When it comes to housing markets with a larger than normal share of non-owner occupied mortgaged residential property, Southern and Western cities tend to be top of this sector.
According to new data from Lending Tree
, Oklahoma City leads the nation’s major metro areas with non-owner occupied mortgaged properties: 15.4 percent of its housing stock falls into this category. Other major markets with a large percentage of non-owner occupied mortgaged residential properties are Philadelphia (14.6 percent), Memphis (14.6 percent), Miami (14.5 percent), San Francisco (13.9 percent), New Orleans (13.4 percent), Las Vegas (12.9 percent), New York City (12.9 percent), Los Angeles (12.5 percent) and Riverside, Calif. (12.2 percent).
At the other end of the spectrum, Detroit had the lowest percentage with only 5.2 percent, followed by Cleveland with 5.7 percent and Hartford, Conn., with 5.9 percent.
“Southern cities may be attracting investors due to low prices and growing populations,” said Lending Tree Chief Economist Tendayi Kapfidze. “Many residents in Southern cities may not be able to access home ownership due to lower median salaries, creating a ready pool of renters. In the West, the opportunity for rapid price appreciation is likely attracting investors. But high prices also suppress homeownership, creating a pool of renters.”

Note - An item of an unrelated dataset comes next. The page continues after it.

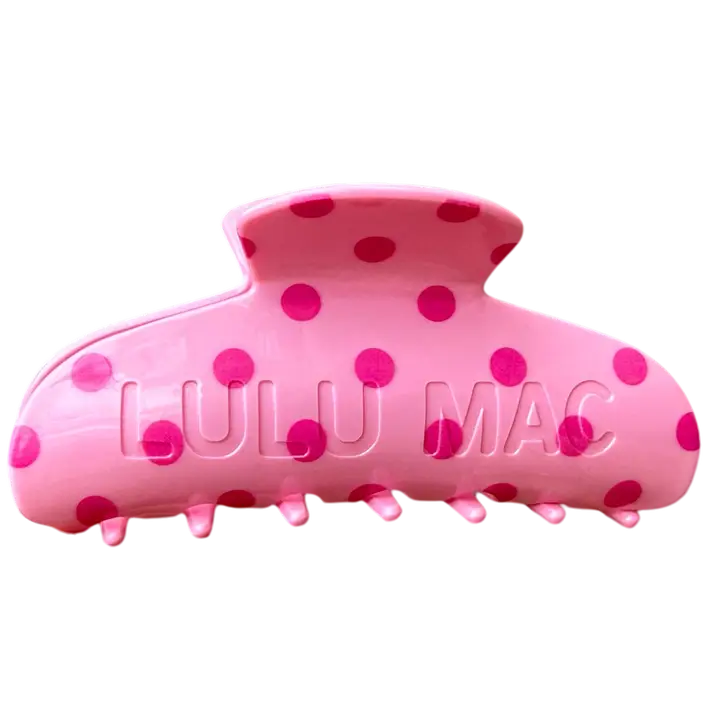 Pink/Hot Pink Hair Claw Lulu Mac
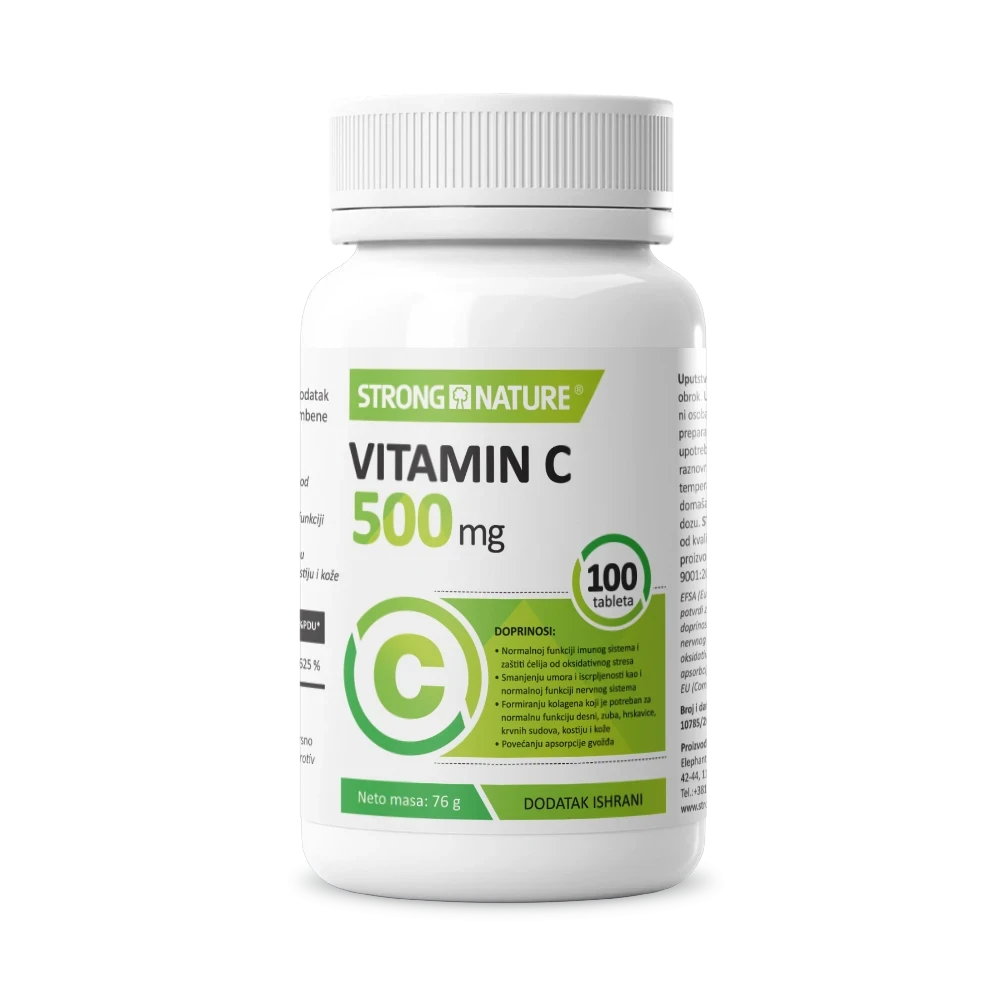 Strong nature vitamin c 500mg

Kapfidze added Northeastern and Midwestern markets with affordable homes means “the opportunity to be a homeowner is high and less appreciation attracts less investors. The homeownership rate in the top 10 cities is an average 59 percent compared with just 67 percent in the bottom 10. Even Detroit, a city often cited as having a challenging housing market, has a homeownership rate above all the top 10 cities.”